--- Recorded information Enclosed Below ---

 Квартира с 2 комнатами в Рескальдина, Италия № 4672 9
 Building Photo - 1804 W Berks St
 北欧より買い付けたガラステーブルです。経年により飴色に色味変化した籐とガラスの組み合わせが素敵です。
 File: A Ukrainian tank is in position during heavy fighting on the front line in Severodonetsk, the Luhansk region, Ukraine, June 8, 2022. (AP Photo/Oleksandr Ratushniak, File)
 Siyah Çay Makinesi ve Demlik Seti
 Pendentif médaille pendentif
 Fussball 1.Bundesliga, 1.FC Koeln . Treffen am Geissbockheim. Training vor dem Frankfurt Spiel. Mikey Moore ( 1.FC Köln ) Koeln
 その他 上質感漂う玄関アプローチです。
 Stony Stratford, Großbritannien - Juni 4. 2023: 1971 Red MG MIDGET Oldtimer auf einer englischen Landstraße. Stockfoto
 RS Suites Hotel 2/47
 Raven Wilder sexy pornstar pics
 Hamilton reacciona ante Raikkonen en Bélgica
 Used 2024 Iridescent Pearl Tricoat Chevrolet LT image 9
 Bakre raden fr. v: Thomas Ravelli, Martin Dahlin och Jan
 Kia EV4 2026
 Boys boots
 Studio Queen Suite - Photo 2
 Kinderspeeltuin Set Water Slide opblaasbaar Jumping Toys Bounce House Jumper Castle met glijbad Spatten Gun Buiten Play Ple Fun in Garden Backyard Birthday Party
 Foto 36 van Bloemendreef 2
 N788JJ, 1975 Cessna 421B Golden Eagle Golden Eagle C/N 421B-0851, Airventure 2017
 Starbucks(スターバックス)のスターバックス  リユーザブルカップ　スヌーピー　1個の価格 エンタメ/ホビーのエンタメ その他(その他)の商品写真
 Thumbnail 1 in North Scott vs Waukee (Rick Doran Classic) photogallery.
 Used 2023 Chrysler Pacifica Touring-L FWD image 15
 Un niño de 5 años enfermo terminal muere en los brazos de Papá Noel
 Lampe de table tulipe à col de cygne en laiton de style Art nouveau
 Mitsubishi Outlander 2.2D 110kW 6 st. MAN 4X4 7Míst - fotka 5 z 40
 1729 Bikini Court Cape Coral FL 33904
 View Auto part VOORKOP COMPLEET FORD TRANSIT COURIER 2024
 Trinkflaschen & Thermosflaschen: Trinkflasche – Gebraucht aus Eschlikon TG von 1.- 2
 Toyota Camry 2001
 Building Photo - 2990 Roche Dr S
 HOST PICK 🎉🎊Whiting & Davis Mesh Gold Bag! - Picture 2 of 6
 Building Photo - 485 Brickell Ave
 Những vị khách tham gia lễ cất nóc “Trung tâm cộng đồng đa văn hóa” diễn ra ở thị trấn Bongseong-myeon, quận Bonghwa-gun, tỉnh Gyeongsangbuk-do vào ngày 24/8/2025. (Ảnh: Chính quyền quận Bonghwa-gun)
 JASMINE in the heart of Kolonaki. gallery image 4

--- End of Enclosed Recorded information ---

(Your objective): Each entry above must be retyped exactly.

(Reply):
 Квартира с 2 комнатами в Рескальдина, Италия № 4672 9
 Building Photo - 1804 W Berks St
 北欧より買い付けたガラステーブルです。経年により飴色に色味変化した籐とガラスの組み合わせが素敵です。
 File: A Ukrainian tank is in position during heavy fighting on the front line in Severodonetsk, the Luhansk region, Ukraine, June 8, 2022. (AP Photo/Oleksandr Ratushniak, File)
 Siyah Çay Makinesi ve Demlik Seti
 Pendentif médaille pendentif
 Fussball 1.Bundesliga, 1.FC Koeln . Treffen am Geissbockheim. Training vor dem Frankfurt Spiel. Mikey Moore ( 1.FC Köln ) Koeln
 その他 上質感漂う玄関アプローチです。
 Stony Stratford, Großbritannien - Juni 4. 2023: 1971 Red MG MIDGET Oldtimer auf einer englischen Landstraße. Stockfoto
 RS Suites Hotel 2/47
 Raven Wilder sexy pornstar pics
 Hamilton reacciona ante Raikkonen en Bélgica
 Used 2024 Iridescent Pearl Tricoat Chevrolet LT image 9
 Bakre raden fr. v: Thomas Ravelli, Martin Dahlin och Jan
 Kia EV4 2026
 Boys boots
 Studio Queen Suite - Photo 2
 Kinderspeeltuin Set Water Slide opblaasbaar Jumping Toys Bounce House Jumper Castle met glijbad Spatten Gun Buiten Play Ple Fun in Garden Backyard Birthday Party
 Foto 36 van Bloemendreef 2
 N788JJ, 1975 Cessna 421B Golden Eagle Golden Eagle C/N 421B-0851, Airventure 2017
 Starbucks(スターバックス)のスターバックス  リユーザブルカップ　スヌーピー　1個の価格 エンタメ/ホビーのエンタメ その他(その他)の商品写真
 Thumbnail 1 in North Scott vs Waukee (Rick Doran Classic) photogallery.
 Used 2023 Chrysler Pacifica Touring-L FWD image 15
 Un niño de 5 años enfermo terminal muere en los brazos de Papá Noel
 Lampe de table tulipe à col de cygne en laiton de style Art nouveau
 Mitsubishi Outlander 2.2D 110kW 6 st. MAN 4X4 7Míst - fotka 5 z 40
 1729 Bikini Court Cape Coral FL 33904
 View Auto part VOORKOP COMPLEET FORD TRANSIT COURIER 2024
 Trinkflaschen & Thermosflaschen: Trinkflasche – Gebraucht aus Eschlikon TG von 1.- 2
 Toyota Camry 2001
 Building Photo - 2990 Roche Dr S
 HOST PICK 🎉🎊Whiting & Davis Mesh Gold Bag! - Picture 2 of 6
 Building Photo - 485 Brickell Ave
 Những vị khách tham gia lễ cất nóc “Trung tâm cộng đồng đa văn hóa” diễn ra ở thị trấn Bongseong-myeon, quận Bonghwa-gun, tỉnh Gyeongsangbuk-do vào ngày 24/8/2025. (Ảnh: Chính quyền quận Bonghwa-gun)
 JASMINE in the heart of Kolonaki. gallery image 4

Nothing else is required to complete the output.